In reaction to that news and to the growing political problem of dealing with the detainees, the Constitution Project and nine prominent conservatives released a statement calling on the administration to end the detention of the Uighurs and to recognize its responsibility in resettling detainess.
The statement [pdf], signed onto by Stephen E. Abraham, Mickey Edwards, Richard A. Epstein, Thomas B. Evans, Jr., David Keene, William H. Taft, IV, Don Wallace Jr., John W. Whitehead, and Lawrence B. Wilkerson, reads in part:
"The courts, the United States military, and the former administration under President Bush have long recognized that these men are not "enemy combatants," and do not pose a threat to the United States. After nearly seven years, there are no legal or moral grounds for holding these men one day longer. We call upon the U.S. government to end the unlawful detention of these men, release them into the United States, and recognize the United States' obligations to resettle some Guantanamo detainees in our country in order to encourage other nations to share in this responsibility."
The administration has renewed its efforts to find someplace that will take them, and has turned to Australia to take six of the men. Australia twice rejected Bush administration requests to take them.

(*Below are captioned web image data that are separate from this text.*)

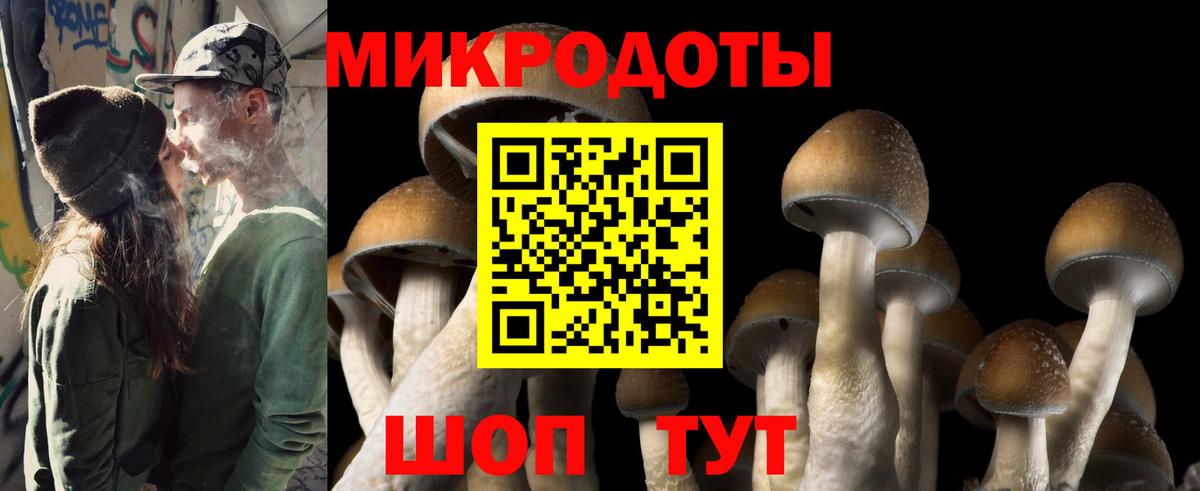 Псилоцибиновые грибы прущие грибы Красноярск
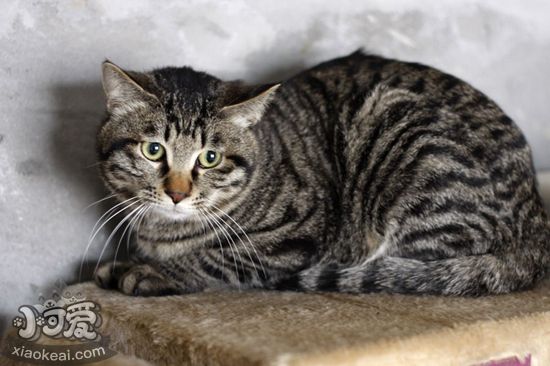 中國貍花貓一窩能生幾只貓咪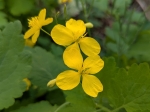 Fleurs de chlidoine... Plante un peu envahissante 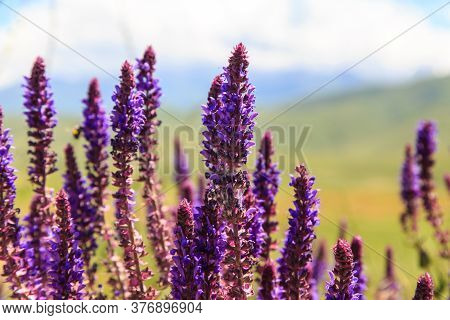 Sage Flowers Herb. Field With Wild Flowers Of Medicinal Sage. Natural Background.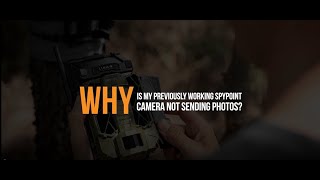 Why is my Previously Working SPYPOINT Camera Not Sending Photos  SPYPOINT [upl. by Bliss568]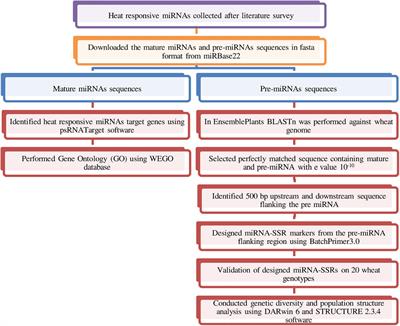 Discovery of miRNAs and Development of Heat-Responsive miRNA-SSR Markers for Characterization of Wheat Germplasm for Terminal Heat Tolerance Breeding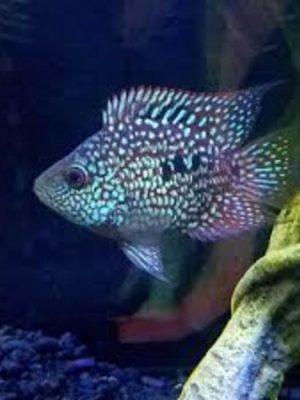 Texas Blue Balão 3-6cm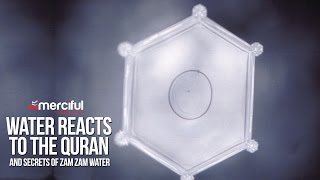 Water Reacts to the Quran amp Secrets of ZamZam [upl. by Ymeon]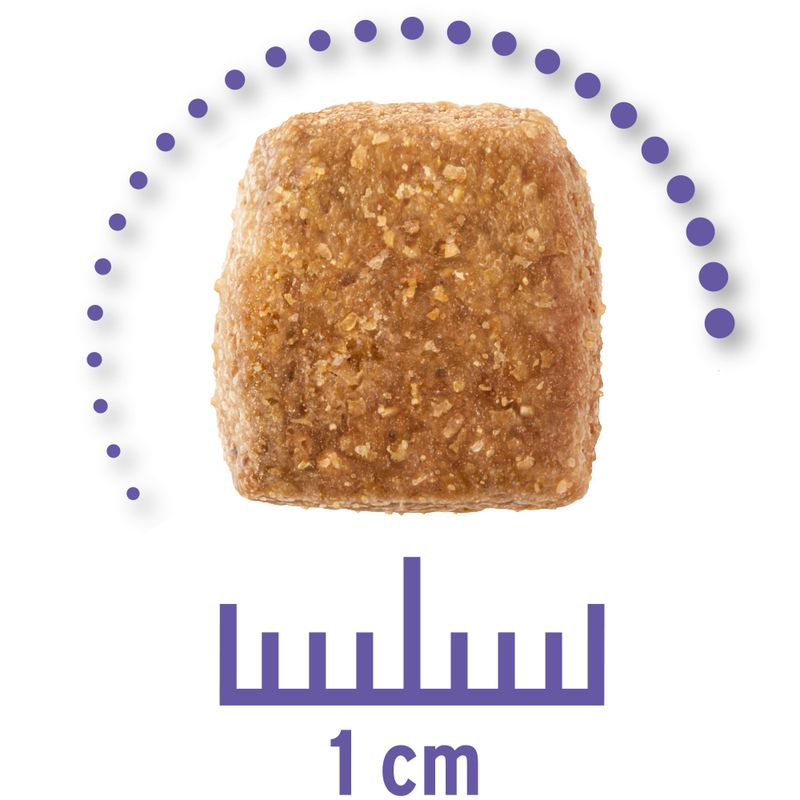 Zooplus Concept for Life Veterinary Diet Renal Crocchette per cane Fino Al -60%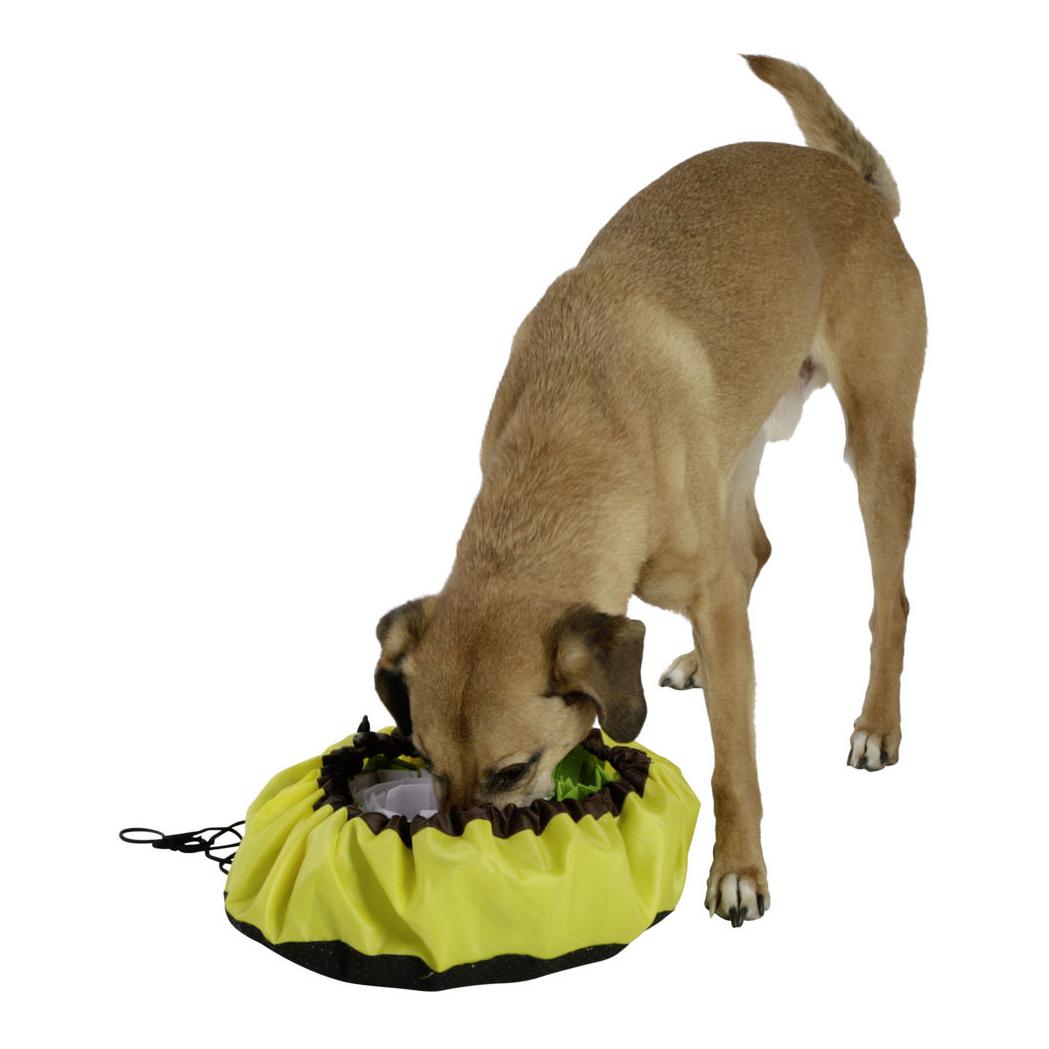 Schnüffelteppich Bowl - gelb/grün/weiss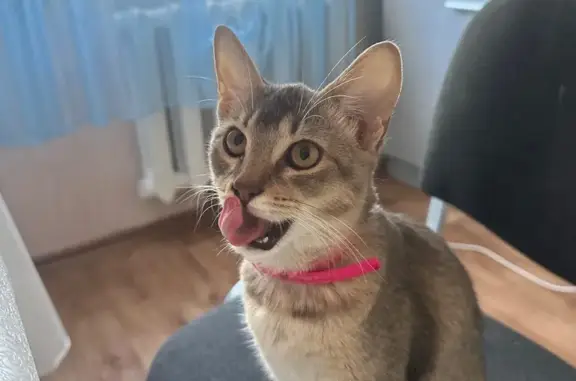 Пропала кошка, Гоголя 118, Мостовской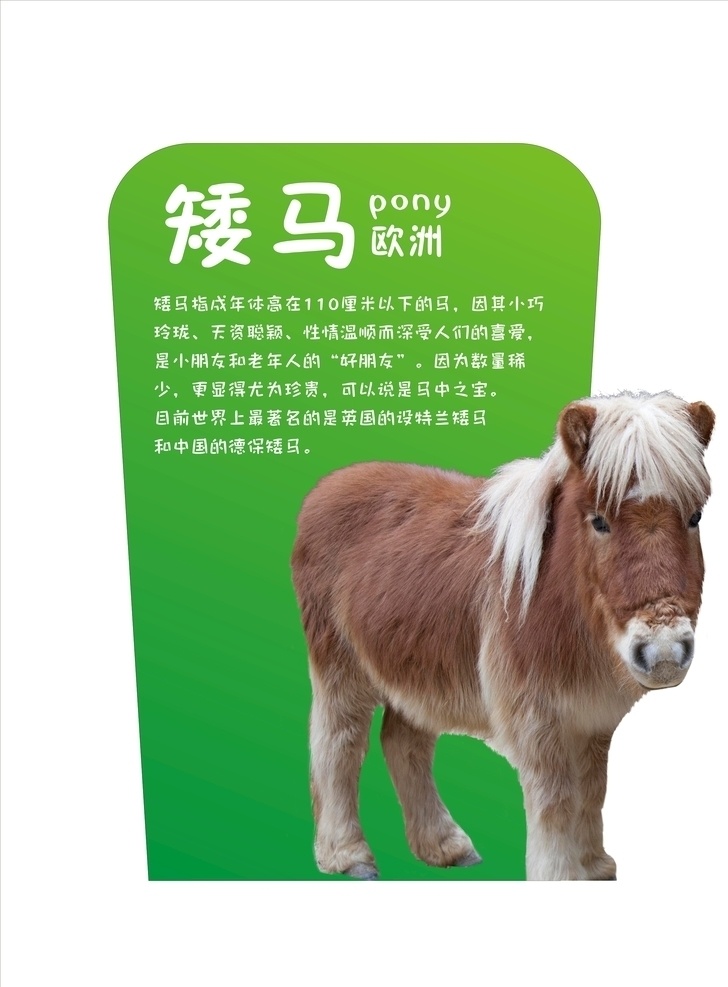小矮马 矮马简介 萌宠 宠物 宠物马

The administration might have a solid legal basis for arguing that the courts don't have authority over immigration policy. But the continuing legal limbo of these men--who have been held since 2001 and were cleared for release in 2004--is unacceptable. Morally, the United States has both a responsibility and an obligation to allow some of these detainees to be resettled in our country. Our country's willingness to take them in could be the essential key to getting some goodwill from our allies on this issue, and to secure their cooperation in accepting those detainees who are going to be released by the time Guanatanamo closes next January.